For a moment, the only sound is the steady hum of the tires on asphalt. The weight of the past eight weeks hanging heavy inside the truck.

Then Kade exhales—a long, shaky breath, like he’s been holding it since the moment he dragged Liv out of the water.

“I’ll think about it,” he says.

It isn’t a promise, but it’s more than he’s given before.

He leans his head back against the seat, eyes drifting closed again. “Just get me back to my girl.”

Brandon cracks a small smile. “You got it.”

My pulse kicks up at the thought of heading back to Kade’s parents’ place—back to where Aubrey is.

I’ve been trying to give her space, trying to figure out my next move.

I’m not a complete asshole—I know she’s doing everything she can to avoid me, and Justin is the perfect excuse.

But sooner or later, I’m going to need her to hear me out.

Talking to Mom cleared up a lot of the feelings I’ve carried about relationships, about myself, about why I reacted the way I did the minute Aubrey opened up about wanting more.
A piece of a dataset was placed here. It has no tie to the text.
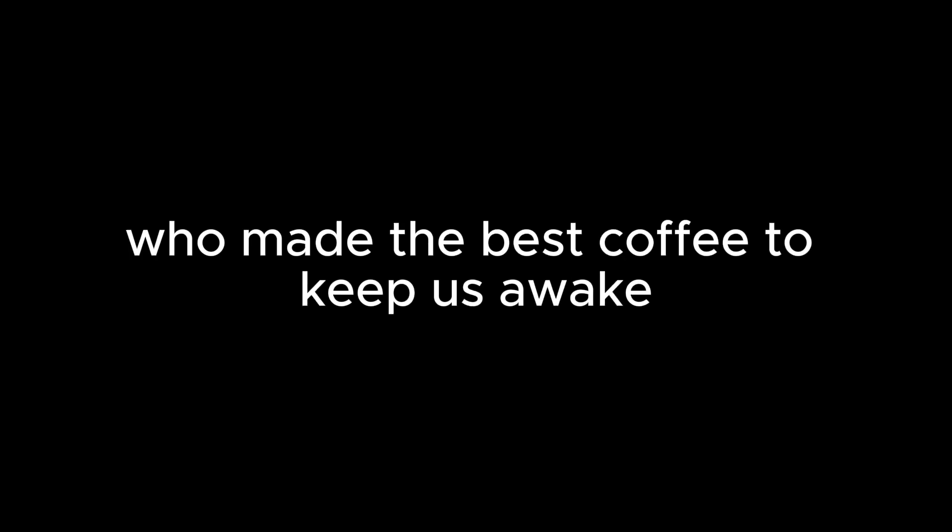Individualism suggests that our achievements are purely our own. But what about the countless individuals who have helped us along the way? A teacher who believed in us? A friend who supported us during tough times? Or even that barista who made the best coffee to keep us awake during all-nighters? None of us is as dumb as all of us, as the saying goes. So, let's give credit where it's due.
I might have lost her forever, and if that’s the case… then I’ll deal with it. But I can’t fully give her up until she knows the truth. I need a moment alone with her, where she has no choice but to listen.

Maybe, with how today’s luck has been going, that day will be today.

Because I can’t keep letting her believe she meant nothing to me. She’s too important for that. And if she’s willing to let me try… then I’m not walking away without making her understand just how much she matters.

Even if, in the end, it changes nothing between us, I have to try.